- _WHAT IS NEEDED_
Please reproduce the data below exactly, from the first line through the line containing "2022 Lamborghini Huracan STO RWD", and leave every later line out.

- _MATERIAL PROVIDED_
○ ○ ○
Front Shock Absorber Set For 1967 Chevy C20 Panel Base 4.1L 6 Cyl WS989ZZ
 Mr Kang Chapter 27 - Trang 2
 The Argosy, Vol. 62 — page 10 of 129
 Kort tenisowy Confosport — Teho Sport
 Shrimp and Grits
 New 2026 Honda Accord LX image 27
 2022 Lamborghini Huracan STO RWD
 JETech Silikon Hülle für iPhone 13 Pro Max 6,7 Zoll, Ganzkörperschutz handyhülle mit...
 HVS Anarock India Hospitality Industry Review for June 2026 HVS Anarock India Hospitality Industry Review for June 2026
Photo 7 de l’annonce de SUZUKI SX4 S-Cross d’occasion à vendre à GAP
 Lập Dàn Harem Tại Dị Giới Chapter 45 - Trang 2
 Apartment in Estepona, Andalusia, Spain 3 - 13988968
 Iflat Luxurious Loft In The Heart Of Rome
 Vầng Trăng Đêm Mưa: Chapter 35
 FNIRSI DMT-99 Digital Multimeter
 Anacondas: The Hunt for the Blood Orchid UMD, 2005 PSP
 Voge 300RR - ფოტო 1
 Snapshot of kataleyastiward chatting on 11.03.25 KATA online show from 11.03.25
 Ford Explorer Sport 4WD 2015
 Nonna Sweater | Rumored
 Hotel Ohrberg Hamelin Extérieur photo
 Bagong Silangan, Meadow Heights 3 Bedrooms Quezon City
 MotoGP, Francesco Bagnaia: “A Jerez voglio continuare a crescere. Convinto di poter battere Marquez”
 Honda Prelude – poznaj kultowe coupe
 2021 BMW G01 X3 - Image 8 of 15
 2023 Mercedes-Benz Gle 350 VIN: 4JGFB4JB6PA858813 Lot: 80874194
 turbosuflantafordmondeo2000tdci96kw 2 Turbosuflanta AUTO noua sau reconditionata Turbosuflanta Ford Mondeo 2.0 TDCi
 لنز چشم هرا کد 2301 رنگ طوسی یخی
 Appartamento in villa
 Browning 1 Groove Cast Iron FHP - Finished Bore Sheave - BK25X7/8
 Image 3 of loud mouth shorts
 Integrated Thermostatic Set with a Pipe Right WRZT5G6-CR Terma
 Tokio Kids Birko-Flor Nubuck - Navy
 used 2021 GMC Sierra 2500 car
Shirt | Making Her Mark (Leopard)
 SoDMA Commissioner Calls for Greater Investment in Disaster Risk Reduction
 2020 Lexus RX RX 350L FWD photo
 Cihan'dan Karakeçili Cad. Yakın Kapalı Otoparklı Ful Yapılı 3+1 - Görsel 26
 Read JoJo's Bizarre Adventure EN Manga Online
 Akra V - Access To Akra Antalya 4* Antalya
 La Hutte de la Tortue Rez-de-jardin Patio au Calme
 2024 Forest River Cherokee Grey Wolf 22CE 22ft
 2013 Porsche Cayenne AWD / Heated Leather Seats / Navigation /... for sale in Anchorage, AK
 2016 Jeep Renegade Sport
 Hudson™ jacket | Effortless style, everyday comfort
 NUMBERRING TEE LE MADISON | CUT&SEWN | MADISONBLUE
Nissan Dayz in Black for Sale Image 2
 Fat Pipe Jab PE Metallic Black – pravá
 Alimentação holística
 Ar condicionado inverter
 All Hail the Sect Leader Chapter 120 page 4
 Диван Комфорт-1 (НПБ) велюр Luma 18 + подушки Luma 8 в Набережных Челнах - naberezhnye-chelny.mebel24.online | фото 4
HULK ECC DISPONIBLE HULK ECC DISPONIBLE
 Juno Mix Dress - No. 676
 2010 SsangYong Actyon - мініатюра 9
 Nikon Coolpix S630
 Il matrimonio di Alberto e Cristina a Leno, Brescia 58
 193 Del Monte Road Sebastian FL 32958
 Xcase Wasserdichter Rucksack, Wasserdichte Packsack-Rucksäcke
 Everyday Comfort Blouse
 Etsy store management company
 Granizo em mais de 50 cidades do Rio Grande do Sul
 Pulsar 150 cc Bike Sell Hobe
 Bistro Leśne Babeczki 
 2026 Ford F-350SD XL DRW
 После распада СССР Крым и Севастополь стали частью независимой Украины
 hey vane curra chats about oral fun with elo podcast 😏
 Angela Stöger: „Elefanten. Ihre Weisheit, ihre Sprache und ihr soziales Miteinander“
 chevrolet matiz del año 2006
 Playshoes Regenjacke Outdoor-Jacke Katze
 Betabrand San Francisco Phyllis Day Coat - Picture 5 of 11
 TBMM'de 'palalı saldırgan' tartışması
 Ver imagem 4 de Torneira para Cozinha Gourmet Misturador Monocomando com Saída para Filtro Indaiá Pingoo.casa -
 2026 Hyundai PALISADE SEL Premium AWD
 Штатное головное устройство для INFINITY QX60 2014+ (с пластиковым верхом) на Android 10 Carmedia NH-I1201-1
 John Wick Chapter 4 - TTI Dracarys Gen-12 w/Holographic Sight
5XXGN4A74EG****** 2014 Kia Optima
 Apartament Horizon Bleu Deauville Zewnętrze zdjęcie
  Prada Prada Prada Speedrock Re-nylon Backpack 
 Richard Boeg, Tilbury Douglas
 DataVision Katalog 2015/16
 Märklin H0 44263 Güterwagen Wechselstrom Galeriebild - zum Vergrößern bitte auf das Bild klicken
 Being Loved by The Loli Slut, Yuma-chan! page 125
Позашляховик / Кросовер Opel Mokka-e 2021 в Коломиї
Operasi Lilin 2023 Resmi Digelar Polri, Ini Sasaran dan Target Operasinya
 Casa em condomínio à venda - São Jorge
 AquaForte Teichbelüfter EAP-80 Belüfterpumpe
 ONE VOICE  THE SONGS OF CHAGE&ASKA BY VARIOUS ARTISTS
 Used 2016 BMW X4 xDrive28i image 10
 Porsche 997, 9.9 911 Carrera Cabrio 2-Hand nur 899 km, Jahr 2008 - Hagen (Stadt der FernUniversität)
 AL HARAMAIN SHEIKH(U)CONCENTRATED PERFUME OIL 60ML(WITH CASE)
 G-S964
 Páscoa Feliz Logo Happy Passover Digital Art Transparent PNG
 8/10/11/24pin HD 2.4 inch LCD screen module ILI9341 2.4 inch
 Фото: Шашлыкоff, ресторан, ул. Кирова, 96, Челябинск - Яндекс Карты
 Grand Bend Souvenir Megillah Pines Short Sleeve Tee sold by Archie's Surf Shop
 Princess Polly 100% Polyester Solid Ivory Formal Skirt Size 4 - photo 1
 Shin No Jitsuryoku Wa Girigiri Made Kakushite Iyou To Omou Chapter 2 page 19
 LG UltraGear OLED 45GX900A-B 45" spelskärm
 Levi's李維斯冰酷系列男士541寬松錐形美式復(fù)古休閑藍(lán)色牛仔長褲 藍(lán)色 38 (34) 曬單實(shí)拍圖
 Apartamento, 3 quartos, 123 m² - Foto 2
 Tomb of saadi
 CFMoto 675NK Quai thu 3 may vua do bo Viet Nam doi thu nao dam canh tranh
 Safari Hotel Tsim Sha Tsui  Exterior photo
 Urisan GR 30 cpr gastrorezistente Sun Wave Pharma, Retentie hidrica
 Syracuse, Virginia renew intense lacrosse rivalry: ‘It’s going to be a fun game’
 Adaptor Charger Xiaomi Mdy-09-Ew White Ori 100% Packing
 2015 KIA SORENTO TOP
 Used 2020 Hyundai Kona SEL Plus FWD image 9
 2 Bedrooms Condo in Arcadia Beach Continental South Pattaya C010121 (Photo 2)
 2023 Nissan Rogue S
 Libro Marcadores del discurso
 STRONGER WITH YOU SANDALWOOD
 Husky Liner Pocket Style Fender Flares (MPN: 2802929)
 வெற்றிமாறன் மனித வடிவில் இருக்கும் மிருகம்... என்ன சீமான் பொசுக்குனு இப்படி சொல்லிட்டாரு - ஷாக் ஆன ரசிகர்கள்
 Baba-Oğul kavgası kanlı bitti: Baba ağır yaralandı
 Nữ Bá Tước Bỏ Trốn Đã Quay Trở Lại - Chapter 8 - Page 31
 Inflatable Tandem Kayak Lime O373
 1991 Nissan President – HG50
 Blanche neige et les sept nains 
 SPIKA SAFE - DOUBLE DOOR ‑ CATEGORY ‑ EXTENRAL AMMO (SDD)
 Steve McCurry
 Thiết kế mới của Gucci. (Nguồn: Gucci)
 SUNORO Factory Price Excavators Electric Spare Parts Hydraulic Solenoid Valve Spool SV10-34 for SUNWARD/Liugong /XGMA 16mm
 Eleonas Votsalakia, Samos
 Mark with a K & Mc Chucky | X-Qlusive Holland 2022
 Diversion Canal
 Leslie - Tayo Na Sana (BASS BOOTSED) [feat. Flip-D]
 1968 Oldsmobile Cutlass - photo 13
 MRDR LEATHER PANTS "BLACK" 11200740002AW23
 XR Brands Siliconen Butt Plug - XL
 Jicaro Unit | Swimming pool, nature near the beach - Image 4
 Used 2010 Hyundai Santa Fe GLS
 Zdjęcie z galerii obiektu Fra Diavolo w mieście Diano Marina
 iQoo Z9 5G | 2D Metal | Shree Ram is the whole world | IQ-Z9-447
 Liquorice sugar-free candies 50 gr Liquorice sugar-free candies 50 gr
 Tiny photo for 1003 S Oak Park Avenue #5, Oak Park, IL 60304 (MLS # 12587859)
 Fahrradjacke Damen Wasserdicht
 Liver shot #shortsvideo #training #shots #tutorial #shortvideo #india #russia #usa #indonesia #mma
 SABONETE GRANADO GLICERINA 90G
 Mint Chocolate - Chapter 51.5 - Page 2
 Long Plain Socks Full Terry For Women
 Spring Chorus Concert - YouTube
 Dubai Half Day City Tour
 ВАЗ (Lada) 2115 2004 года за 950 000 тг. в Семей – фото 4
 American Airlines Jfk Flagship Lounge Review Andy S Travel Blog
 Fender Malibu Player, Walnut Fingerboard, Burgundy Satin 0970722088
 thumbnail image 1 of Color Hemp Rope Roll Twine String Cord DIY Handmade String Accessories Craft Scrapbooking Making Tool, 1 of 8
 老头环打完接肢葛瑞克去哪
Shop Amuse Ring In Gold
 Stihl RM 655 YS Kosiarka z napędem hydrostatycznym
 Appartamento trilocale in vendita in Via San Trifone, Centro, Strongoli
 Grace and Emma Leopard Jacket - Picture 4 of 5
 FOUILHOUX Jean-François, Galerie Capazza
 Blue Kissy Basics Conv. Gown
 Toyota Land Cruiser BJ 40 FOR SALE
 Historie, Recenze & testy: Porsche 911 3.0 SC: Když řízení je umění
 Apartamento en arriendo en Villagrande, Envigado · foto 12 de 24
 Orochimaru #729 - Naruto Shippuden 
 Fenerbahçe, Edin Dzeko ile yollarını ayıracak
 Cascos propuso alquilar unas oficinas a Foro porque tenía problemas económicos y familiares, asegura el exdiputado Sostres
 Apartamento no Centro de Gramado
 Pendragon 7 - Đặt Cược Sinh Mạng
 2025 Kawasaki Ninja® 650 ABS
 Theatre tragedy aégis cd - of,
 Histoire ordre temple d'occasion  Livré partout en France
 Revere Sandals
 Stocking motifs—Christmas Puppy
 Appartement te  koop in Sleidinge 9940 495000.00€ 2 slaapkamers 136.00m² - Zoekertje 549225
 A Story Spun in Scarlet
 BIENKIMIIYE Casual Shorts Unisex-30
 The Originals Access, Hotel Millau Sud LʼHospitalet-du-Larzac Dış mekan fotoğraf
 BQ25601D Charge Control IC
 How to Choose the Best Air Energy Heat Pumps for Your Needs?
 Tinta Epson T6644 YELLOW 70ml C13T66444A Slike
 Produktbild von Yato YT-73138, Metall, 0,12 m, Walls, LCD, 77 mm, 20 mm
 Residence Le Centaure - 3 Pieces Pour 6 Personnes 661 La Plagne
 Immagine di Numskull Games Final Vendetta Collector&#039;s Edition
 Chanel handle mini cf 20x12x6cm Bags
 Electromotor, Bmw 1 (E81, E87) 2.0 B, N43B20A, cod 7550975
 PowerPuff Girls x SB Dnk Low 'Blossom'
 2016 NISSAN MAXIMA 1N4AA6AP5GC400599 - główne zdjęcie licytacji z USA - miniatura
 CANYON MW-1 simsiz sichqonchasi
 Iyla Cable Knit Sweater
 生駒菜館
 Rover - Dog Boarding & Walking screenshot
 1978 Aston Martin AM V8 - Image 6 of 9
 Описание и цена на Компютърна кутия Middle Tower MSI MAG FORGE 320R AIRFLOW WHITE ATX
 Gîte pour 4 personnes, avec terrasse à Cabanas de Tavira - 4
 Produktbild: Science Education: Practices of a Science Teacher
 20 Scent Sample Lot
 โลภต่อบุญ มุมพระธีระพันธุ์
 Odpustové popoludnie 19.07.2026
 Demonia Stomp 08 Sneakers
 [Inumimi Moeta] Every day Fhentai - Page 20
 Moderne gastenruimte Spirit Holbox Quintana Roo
○ ○ ○
- _WRITTEN RESPONSE_
Front Shock Absorber Set For 1967 Chevy C20 Panel Base 4.1L 6 Cyl WS989ZZ
 Mr Kang Chapter 27 - Trang 2
 The Argosy, Vol. 62 — page 10 of 129
 Kort tenisowy Confosport — Teho Sport
 Shrimp and Grits
 New 2026 Honda Accord LX image 27
 2022 Lamborghini Huracan STO RWD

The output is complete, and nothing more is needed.